The futures made higher lows from Low #1 to Low #2 in another bearish sign for the E-Mini S&P 500 futures contract. This is considered a positive move, even though the Moving Average Convergence/Divergence Technical indicator made lower lows from Low #1 to Low #2. This is a bearish downturn showing signals for the approaching downturn of the S&P 500 future and market.

Low #2 to Low #3

The Moving Average Convergence/Divergence can also help confirm price movements, apart from the bullish and bearish divergences. The E-mini S&P 500 futures contract made a high lower low, which was confirmed by the MACD when it also created a lower low.

Pros and Cons of Using the Moving Average Convergence/Divergence

Pros of Using the Moving Average Convergence/Divergence

The MACD indicator is reliable and straightforward, which is the main reason it is widely used today. It is popular for the two different signals it provides:

  • The turning point of the trend
  • The strength of the trend

The Moving Average Convergence/Divergence does not just determine the direction of a trend (up or down) but also the strength of buy and sell signals.  Usually, traders might choose to use a simple moving average strategy to set their sell and buy signals, but this gauge can be delayed which means the market condition could experience a change before the execution of the trade. The moving average convergence or divergence indicator is a useful trading tool because it provides a current representation of market happenings.

Cons of Using the MACD

The MACD, as with any other indicator, is not flawless and can be used alongside other trading tools to help tackle any technical challenges. One problem with the MACD is that it is a short-term indicator, which means it cannot take long-term measurements. The longest measurement of the Moving Average Convergence/Divergence is the 26-day moving average. For a long-term outlook, the Moving Average Convergence/Divergence may not be the best choice.

Another problem with the MACD is the is the trend following indicator. This means that the signals of the indicator are given as trends come and not before. Therefore, the Moving Average Convergence/Divergence does not help if you are looking to recognise an upcoming trend.

Conclusion

The Moving Average Convergence/Divergence indicator brings together trends and momentum in one indicator; this is something that makes it special and sought after by many traders. The combination of the trend and momentum can be applied in different types of charts. The difference between the 12- and 26-period EMAs is the standard setting for Moving Average Convergence/Divergence. For more sensitivity, you can try a shorter short-term moving average and a longer long-term moving average as it is sensitive and better suited for weekly charts. If looking for less sensitivity, you may consider increasing the moving averages. The less sensitive MACD will continue to oscillate above or below zero but the signal line crossovers and the centreline crossovers will be less frequent.

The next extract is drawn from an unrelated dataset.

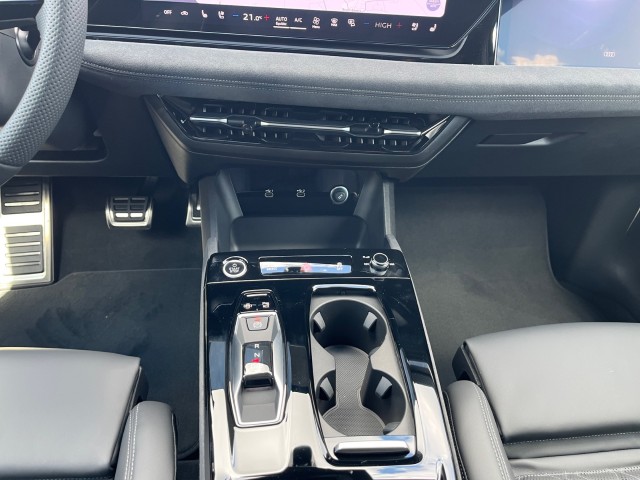 AUDI A6 Avant e-tron quattro-image-14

The Moving Average Convergence/Divergence is not particularly good for identifying overbought and oversold levels. Even though it is possible to identify previous overbought and oversold levels, the MACD does not have any upper or lower limits to bind its movement. When there are sharp moves, the Moving Average Convergence/Divergence can extend beyond its historical extremes.

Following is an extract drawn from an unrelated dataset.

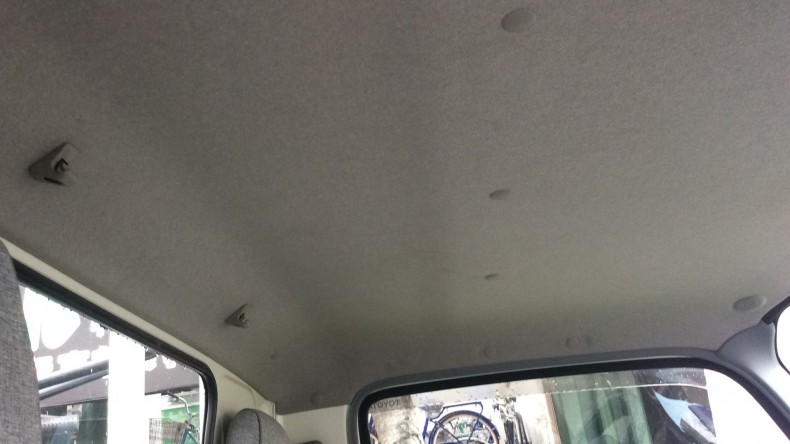 内装後方シート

Finally, the Moving Average Convergence/Divergence line is calculated using the difference between two moving averages. This means that the values of the MACD depend on the price of the underlying security. It is not possible to compare Moving Average Convergence/Divergence values for a group of securities with varying prices.

The information provided here is for educational purposes and not trading advice. It is not a solicitation to sell or buy any commodity or Forex product. Past performance in any trend is not an indicator of a future trend; trading is all about taking informed risks. We shall not be liable for results – whether positive or negative – which come from the use of, or inability to use, the information provided in this article.